Ja, das ist furchtbar (lacht). Zu Not frage ich ihn am nächsten Morgen bei einem Espresso, was er so gemacht hat.

Ihr Trainer Peter Bosz veranstaltet hier im Trainingslager jeden Abend ein kurzes Taktik-Meeting. Wie sieht so eine Sitzung aus?

Das ist nichts Neues für uns. Im Januar, als er kam, hatte er auch wenig Zeit, um Dinge in die Mannschaft hineinzutragen. Er macht das ganz prägnant, bringt es klar und analytisch auf den Punkt. Und es dauert nicht so lange, dass die Aufmerksamkeit nachlassen könnte. Wenn man so mag, ist es wie eine kurze Vorlesung an der Uni. Gut choreografiert durch die Videoanalysten und dem Team drumherum.

Es gibt Doku-Szenen, die Pep Guardiola bei Manchester City in solchen Situationen zeigen. Da kommt so eine Art Fußball-Wahnsinn durch.

Peter Bosz ist da anders. Er ist, wie auch dem Platz,  ruhig und sachlich, fährt nie aus der Haut. Für mich als Spieler ist ein Trainer mit solchen Eigenschaften sehr, sehr angenehm.

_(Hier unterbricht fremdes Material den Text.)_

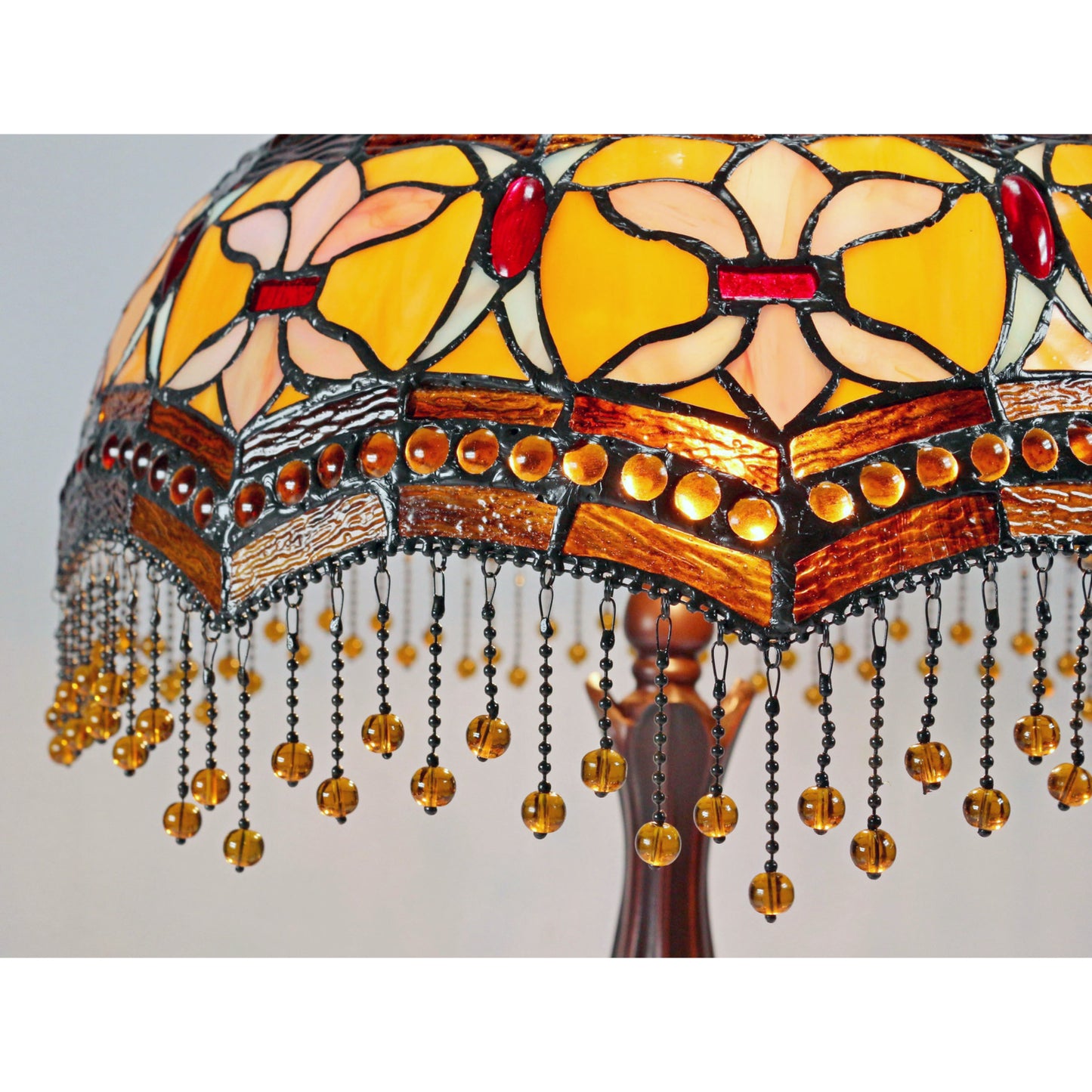 Madonna Beaded Stained Glass Table Lamp Table Lamp G&G Bros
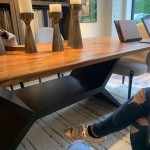 Jacob Dining Table With Vertex Base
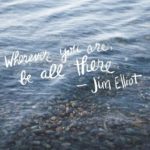 Be present image
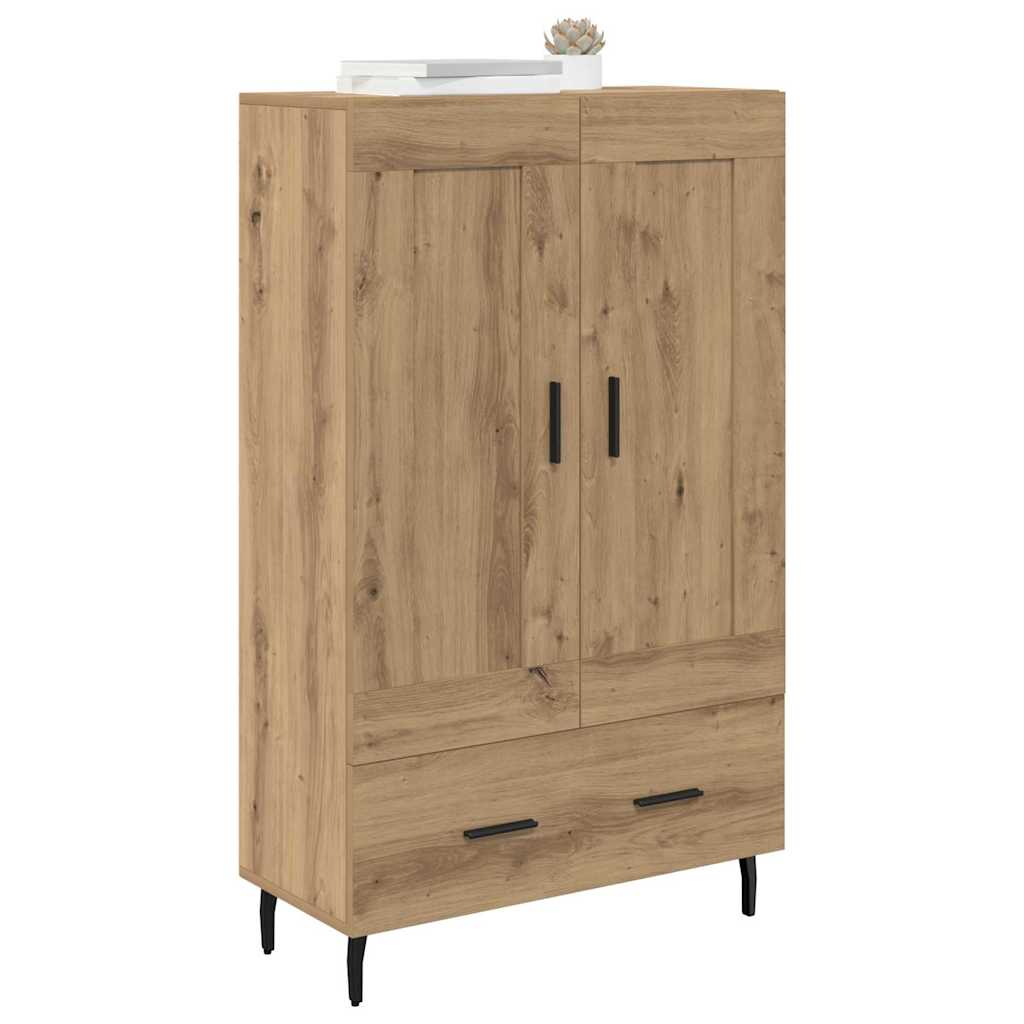 vidaXL Highboard Artisan Oak 69.5 x 31 x 115 cm Engineered Wood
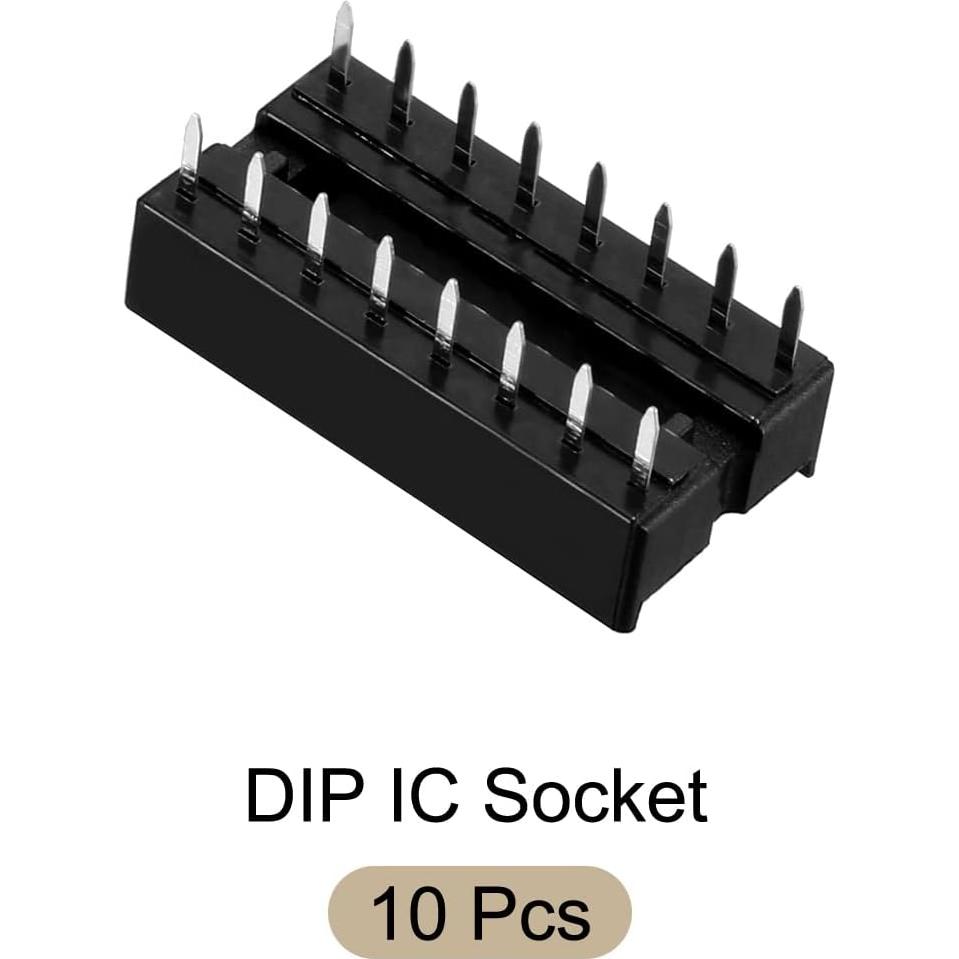 Adaptador zócalo DIP IC 16 pines 2.54mm Rebower - 10 piezas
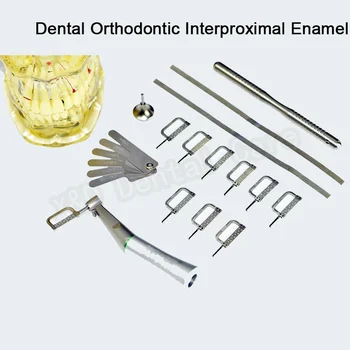 Стоматологичен ортодонтическая межпроксимальная емайл, автоматична лента за полиране, довършителни инструмент, регулиране на големината на зъбите под ъгъл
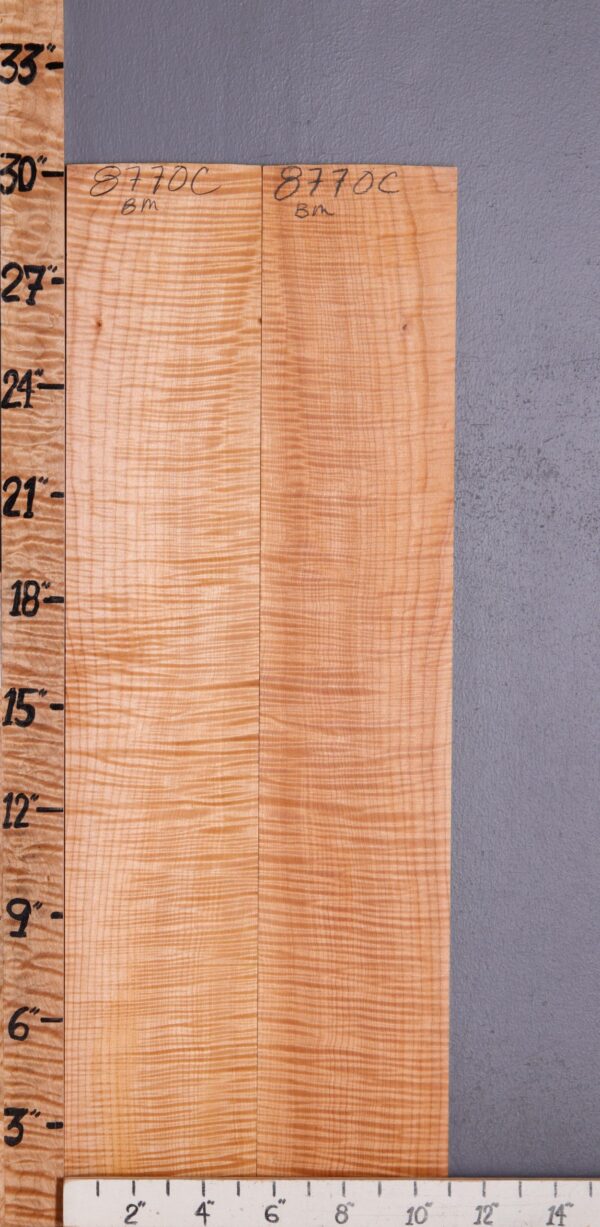 Musical Curly Maple Microlumber Bookmatch 11" X 30" X 1/4 (NWT-8770C)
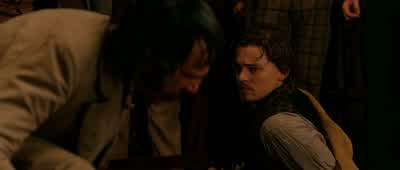 Whose man are you See this knifeI'm gonna teach you to speak English with this fucking knife - Gangs of New York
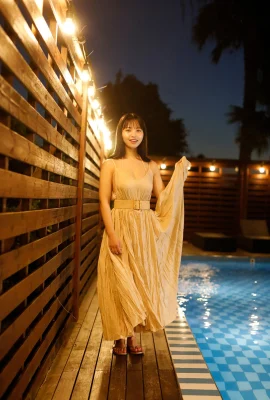 (本郷柚巴) 大奶妹夏日清涼體驗 將最胸一面呈現 (18 相片)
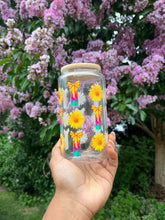 Load image into Gallery viewer, Alani Nu Inspired Libbey Glass Cup: Iced Coffee with Bamboo Lid &amp; Straw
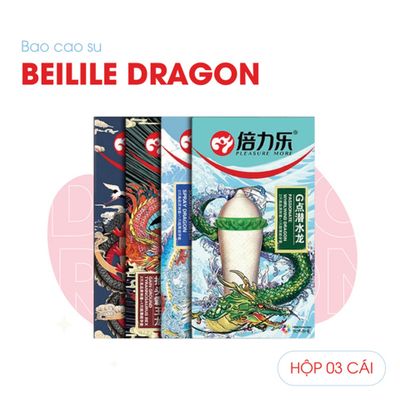 (Hộp 3 Cái) Bao Cao Su Gai Bi Lớn Dragon HBM Chính hãng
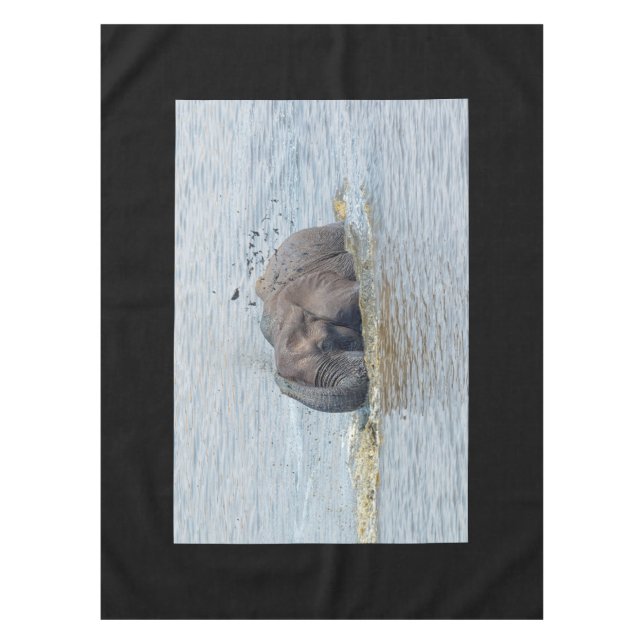 Bade-Elefant Tischdecke (Vorderseite)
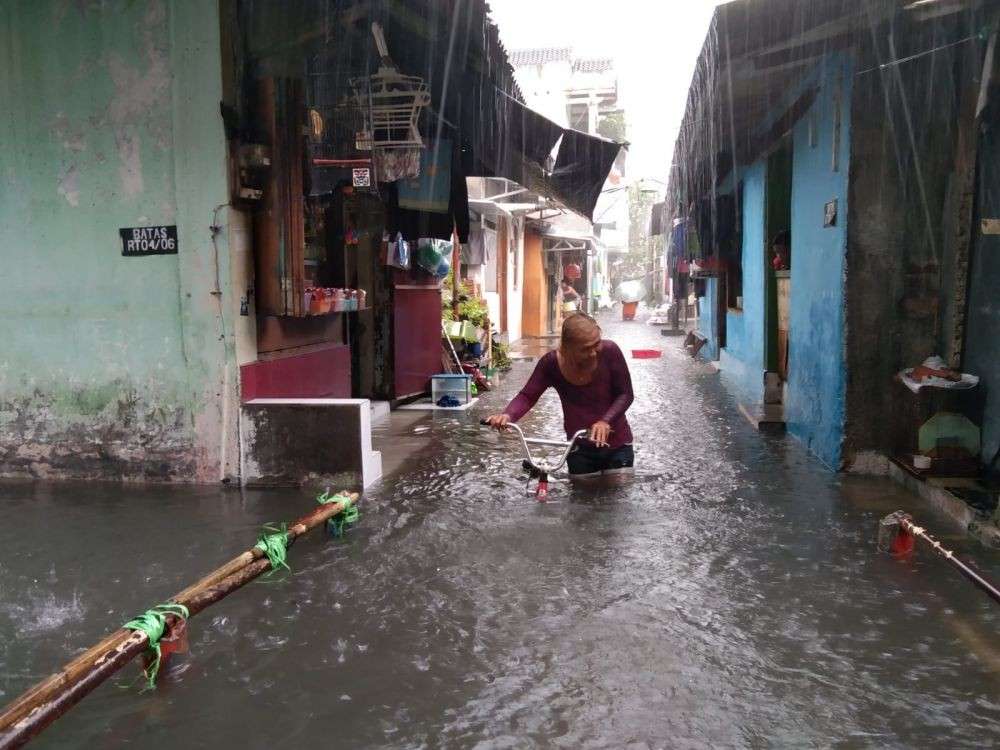 Sehari Diguyur Hujan, 8 Titik Lokasi Di Solo Banjir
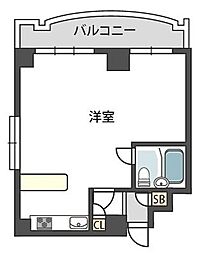 グランドールハタダ ワンルームの間取図画像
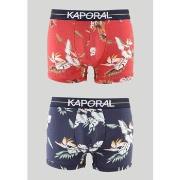 Slips Kaporal - Pack de 2 Boxers - rouge et marine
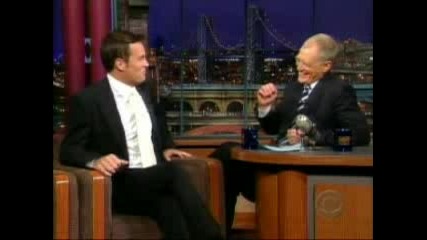 Matthew Perry On David Letterman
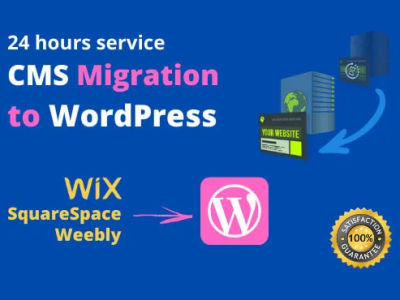 Your CMS migrated to WordPress from Wix, SquareSpace or Shopify
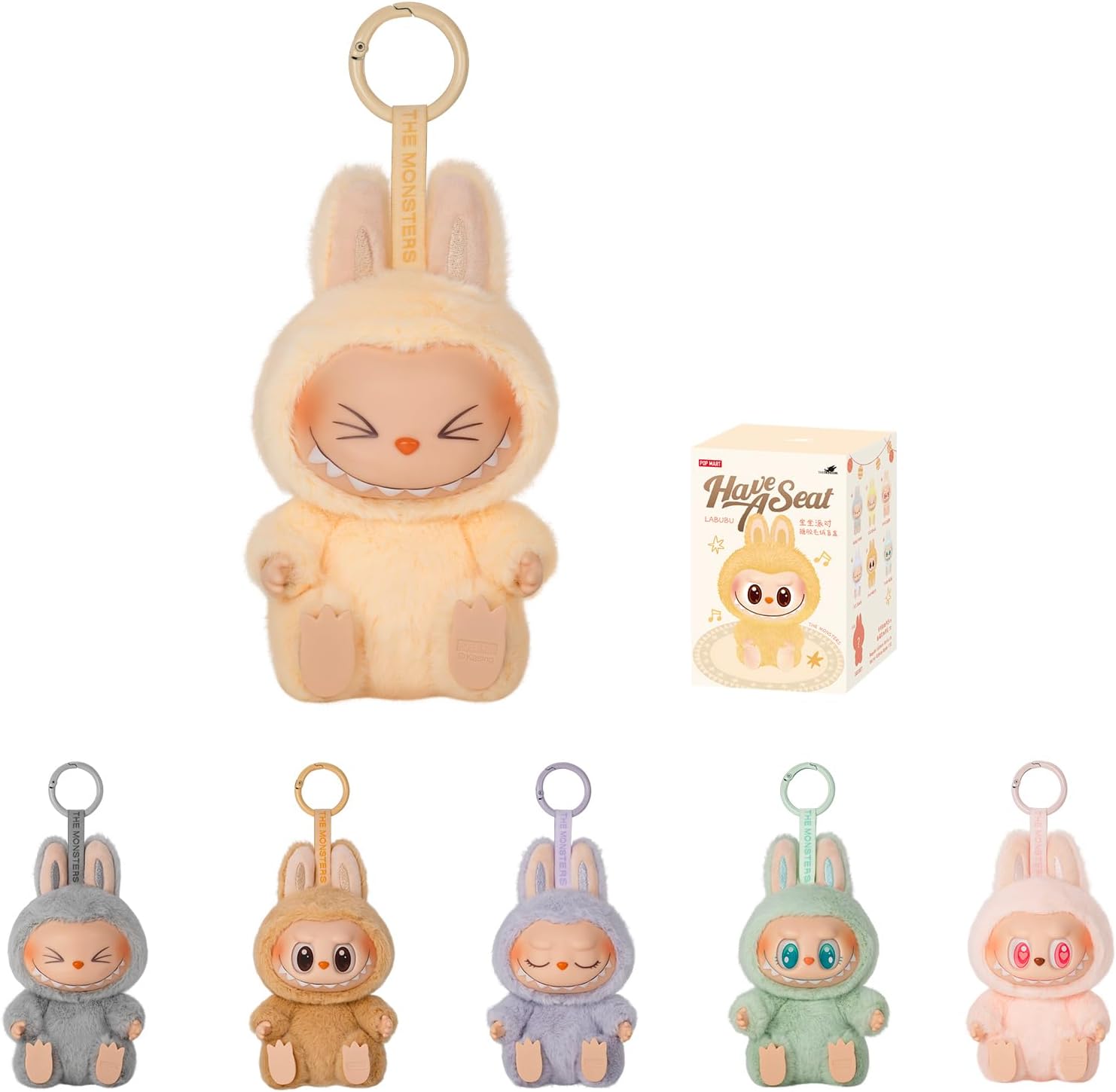 صندوق بوب مارت ذا مونسترز - هاف أ سيت المصنوع من الفينيل المحشو والمُغطى بالجلد، شخصيات ذا مونسترز بلايند بوكس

Wie ist er im Vergleich zu Thomas Tuchel, der drei Jahre in Mainz Ihr Trainer war?

Grundsätzlich ist es immer schwierig, Trainer zu vergleichen. Die beiden sind ähnlich akribisch und fußballverrückt, aber in der Art, es auszuleben und zu coachen, sind sie anders.

Ihr Vertrag in Leverkusen läuft im Sommer 2020 aus. Wie geht es weiter?

Ich fühle mich hier wohl, ich habe tolle Menschen kennengelernt. Es gibt Gespräche, ich kann mir gut vorstellen noch länger in Leverkusen zu bleiben.